Didn’t suggest this either.
The plot on the right states in US, 1970s onward, ie, different points in time. Sure, inflation rate & unemployment rate changed in the US over time. Do you know what else changed in the US over time? Absolutely anything.
Scientific prediction requires control: it cannot make accurate predictions when relevant variables are left uncontrolled. Take for instance the ideal gas law. When temperature is constant, we can reasonably predict volume & pressure to vary inversely for ideal gases. If temperature is at least known, then we can still make a prediction (a function of temperature). However, if temperature is uncontrolled, no prediction is possible. Models only fit the conditions they’re designed to model.
As mentioned before, economic models typically expect ceteris paribus (all other relevant variables held constant). The article you linked states the Phillips curve models economy only in the short-run. The US economy over a span of years doesn’t satisfy any of those conditions. Therefore, the model doesn’t apply.
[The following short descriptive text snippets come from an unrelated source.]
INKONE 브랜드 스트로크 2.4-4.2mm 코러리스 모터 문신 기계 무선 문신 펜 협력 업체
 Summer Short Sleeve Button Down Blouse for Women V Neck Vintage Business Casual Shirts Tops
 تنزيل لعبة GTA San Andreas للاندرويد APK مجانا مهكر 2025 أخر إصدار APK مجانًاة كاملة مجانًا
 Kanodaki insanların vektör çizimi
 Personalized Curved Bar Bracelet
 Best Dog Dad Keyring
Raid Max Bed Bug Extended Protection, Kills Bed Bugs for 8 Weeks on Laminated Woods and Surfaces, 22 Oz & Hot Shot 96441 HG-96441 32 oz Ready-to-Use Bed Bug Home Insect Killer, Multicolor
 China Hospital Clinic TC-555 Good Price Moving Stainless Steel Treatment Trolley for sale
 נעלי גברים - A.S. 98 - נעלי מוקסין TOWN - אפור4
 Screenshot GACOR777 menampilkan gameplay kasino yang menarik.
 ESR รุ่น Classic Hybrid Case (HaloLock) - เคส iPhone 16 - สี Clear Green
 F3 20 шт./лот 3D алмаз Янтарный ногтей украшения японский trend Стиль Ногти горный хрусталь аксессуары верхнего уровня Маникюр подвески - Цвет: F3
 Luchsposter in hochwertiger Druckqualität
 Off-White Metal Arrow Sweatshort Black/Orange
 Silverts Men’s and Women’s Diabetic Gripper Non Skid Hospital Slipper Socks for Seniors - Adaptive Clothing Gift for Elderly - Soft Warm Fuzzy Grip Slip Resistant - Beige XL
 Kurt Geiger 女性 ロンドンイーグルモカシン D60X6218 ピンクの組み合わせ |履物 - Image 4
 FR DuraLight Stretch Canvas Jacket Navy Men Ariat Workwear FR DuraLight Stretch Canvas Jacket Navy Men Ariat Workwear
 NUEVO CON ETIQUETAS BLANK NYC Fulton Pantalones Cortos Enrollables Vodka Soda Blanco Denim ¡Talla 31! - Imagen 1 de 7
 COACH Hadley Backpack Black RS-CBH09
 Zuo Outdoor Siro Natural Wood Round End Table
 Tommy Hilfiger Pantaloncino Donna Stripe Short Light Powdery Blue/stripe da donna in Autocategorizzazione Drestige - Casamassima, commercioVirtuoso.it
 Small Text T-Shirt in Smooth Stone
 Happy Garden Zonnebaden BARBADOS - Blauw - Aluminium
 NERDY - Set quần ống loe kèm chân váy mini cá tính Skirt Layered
Attempting to refute a model by applying it to situations it doesn’t claim to model is a strawman.
ah there’s your confusion. i am not and no one here is refuting the model. we are criticizing how that simplified model is abused without considering the other variables and applied to policy-making. does that make sense?
i think we agree, if the above reframes the post for you :)
That indeed makes more sense: it only fits short-run predictions. It justifies short-run policies.
Longer term policies need a different justification: you’re definitely right there.
I think economists have a name for mistaking short- & long-run effects (something to do with equilibrium), but the course was too long ago for me to recall.